# Xfce audio mixer and Sun keyboard



## Oldrancher (Jan 23, 2016)

I've installed Xfce plus the audio mixer on my FreeBSD 10.2 system.  I can control the volume from the popup menu, but not from the keyboard audio mixer keys.

The keyboard is a Sun type 7 USB keyboard, which has 3 keys on the top right for audio control (on/off, volume down, volume up).  The Xorg.0.log shows that this keyboard is recognized specifically when I start `Xorg`.  

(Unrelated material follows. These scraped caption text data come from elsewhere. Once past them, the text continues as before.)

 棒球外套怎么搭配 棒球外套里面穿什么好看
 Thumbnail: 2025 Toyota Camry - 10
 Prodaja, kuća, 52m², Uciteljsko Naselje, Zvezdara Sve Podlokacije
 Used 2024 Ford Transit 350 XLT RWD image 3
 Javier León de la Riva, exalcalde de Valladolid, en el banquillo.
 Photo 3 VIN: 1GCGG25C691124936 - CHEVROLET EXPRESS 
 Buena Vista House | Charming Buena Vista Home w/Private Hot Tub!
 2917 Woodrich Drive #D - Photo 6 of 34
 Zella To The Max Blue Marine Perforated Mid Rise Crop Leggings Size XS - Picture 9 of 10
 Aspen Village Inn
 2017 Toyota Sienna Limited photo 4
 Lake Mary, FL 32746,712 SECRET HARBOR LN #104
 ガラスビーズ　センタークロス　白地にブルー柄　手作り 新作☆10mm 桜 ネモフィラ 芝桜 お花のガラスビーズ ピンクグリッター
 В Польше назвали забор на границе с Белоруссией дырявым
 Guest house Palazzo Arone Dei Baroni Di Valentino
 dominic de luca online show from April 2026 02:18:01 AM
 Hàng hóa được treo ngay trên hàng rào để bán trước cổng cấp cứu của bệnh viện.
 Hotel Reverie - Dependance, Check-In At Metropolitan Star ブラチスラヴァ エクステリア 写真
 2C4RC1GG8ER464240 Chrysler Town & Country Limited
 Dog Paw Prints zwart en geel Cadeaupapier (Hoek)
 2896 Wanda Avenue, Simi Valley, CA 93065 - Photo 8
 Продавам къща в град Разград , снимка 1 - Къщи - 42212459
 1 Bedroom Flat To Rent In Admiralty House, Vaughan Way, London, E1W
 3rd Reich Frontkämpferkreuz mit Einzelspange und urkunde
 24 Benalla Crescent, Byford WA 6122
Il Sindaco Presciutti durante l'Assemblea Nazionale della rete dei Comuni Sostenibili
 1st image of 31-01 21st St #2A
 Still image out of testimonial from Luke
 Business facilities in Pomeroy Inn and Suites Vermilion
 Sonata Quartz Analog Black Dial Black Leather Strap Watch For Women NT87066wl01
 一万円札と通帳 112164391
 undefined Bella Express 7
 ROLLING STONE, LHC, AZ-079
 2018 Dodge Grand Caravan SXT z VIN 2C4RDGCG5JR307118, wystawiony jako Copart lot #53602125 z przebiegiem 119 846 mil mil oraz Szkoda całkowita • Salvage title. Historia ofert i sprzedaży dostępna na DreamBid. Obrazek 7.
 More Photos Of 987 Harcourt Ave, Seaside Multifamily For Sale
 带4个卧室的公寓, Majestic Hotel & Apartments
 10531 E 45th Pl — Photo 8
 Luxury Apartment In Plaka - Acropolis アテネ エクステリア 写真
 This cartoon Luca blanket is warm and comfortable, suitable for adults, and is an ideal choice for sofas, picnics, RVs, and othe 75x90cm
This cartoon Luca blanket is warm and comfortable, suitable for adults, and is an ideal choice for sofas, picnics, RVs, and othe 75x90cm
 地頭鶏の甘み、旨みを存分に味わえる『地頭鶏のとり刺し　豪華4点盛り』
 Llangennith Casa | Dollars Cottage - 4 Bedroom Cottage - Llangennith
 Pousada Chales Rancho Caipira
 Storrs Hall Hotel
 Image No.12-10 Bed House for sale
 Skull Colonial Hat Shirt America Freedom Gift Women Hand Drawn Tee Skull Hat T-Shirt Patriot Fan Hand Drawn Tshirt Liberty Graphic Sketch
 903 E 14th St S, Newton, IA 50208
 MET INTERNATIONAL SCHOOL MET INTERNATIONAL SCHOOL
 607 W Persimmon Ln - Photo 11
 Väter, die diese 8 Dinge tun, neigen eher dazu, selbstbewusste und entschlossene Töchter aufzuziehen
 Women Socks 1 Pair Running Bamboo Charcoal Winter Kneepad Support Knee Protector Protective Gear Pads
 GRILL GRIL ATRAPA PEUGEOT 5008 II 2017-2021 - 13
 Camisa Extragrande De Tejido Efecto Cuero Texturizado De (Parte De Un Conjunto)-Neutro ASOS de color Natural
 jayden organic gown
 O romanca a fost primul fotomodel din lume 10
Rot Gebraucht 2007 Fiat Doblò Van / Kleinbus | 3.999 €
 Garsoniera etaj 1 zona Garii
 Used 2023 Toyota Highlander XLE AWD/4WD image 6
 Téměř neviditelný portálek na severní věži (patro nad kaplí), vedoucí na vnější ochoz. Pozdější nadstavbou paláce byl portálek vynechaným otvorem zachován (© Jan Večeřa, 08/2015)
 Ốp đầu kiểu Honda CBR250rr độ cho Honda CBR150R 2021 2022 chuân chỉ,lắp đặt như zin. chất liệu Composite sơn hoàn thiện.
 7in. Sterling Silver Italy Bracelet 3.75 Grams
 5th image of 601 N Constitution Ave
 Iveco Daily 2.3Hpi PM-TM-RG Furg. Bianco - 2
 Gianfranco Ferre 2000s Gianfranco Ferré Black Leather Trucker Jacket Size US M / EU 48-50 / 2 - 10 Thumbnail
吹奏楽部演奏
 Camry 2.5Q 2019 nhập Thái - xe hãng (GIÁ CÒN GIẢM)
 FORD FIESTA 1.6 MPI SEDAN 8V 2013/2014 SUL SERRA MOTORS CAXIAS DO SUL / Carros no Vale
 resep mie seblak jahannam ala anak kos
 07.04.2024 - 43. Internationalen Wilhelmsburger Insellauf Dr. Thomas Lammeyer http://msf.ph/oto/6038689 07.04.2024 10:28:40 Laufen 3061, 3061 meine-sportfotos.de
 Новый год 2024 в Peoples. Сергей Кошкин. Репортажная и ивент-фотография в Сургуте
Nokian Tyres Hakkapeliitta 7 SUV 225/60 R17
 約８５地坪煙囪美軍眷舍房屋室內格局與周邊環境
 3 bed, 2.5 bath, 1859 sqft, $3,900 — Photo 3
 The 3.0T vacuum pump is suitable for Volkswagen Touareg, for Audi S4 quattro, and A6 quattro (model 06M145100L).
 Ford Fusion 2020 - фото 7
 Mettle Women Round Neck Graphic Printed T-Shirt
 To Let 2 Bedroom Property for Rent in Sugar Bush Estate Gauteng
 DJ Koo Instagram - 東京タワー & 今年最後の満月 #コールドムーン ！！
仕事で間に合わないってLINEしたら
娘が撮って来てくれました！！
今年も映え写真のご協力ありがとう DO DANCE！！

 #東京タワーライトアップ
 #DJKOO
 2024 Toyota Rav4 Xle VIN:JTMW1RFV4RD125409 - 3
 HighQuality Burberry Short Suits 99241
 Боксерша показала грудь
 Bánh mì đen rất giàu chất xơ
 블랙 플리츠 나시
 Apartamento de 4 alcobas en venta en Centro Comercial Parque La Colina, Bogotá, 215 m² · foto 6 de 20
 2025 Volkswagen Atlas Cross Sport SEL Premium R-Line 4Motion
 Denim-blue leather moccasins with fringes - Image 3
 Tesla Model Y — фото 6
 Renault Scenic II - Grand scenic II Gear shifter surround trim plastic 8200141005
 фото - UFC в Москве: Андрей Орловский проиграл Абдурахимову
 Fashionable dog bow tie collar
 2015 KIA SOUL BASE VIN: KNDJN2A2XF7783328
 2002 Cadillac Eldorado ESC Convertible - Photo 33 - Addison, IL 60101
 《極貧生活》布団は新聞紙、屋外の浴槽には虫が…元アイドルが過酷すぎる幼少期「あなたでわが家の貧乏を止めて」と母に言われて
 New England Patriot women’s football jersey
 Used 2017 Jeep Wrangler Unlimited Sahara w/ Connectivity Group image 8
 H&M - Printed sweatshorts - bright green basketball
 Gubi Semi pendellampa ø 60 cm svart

Is keyboard control of the Xfce mixer possible, and where do I look?


----------



## tingo (Jan 23, 2016)

First, does those keys generate keyboard events? You can use x11/xev to find out. If the keys generate keyboard events, you can use devd(8) to trigger on those events.
See /etc/devd/asus.conf for examples (this is for Asus laptops, but the principle applies).


----------



## shepper (Jan 23, 2016)

Hopefully, your sun keyboard maps the keys to XF86AudioRaiseVolume, XF86AudioLowerVolume and XF86AudioMute.  Using mixer(8) you can adjust volume by a set increment, up or down, with a keypress.  Muting essentially toggles the value.  I think you can search the forums for examples of using the default mixer command.  The `$ xev` command above can confirm the mapping.

I do not use Xfce4 currently but I recall a window that allowed one to set the mixer commands to a particular keypress.  The Arch Linux Keyboard_volume_buttons suggests it is in keyboard shortcuts.

A word of caution,  since I used Xfce4, pulseaudio has metastasized to the major desktops.  If your recent install brought in pulseaudio and pulseaudio is being used, you may want to use search terms pulseaudio and XF96AudioRaiseVolume for the correct pulseaudio syntax.

Edit:  More links
Sun Keyboard audio mail list archive
and
Xfce4 Website keyboard settings.  Note the examples are using Alsa's amixer.  FreeBSD's mixer command is mixer(8)


----------



## Oldrancher (Feb 17, 2016)

Thanks for the suggestions.   `xev` showed me the keycodes for the audio keys, and that they didn't map to a hex code.  Some work with `xmodmap` now has them mapping to XF86AudioRaiseVolume, XF86AudioLowerVolume and XF86AudioMute.  I haven't gone beyond this yet, but a `devd` solution will probably work.


----------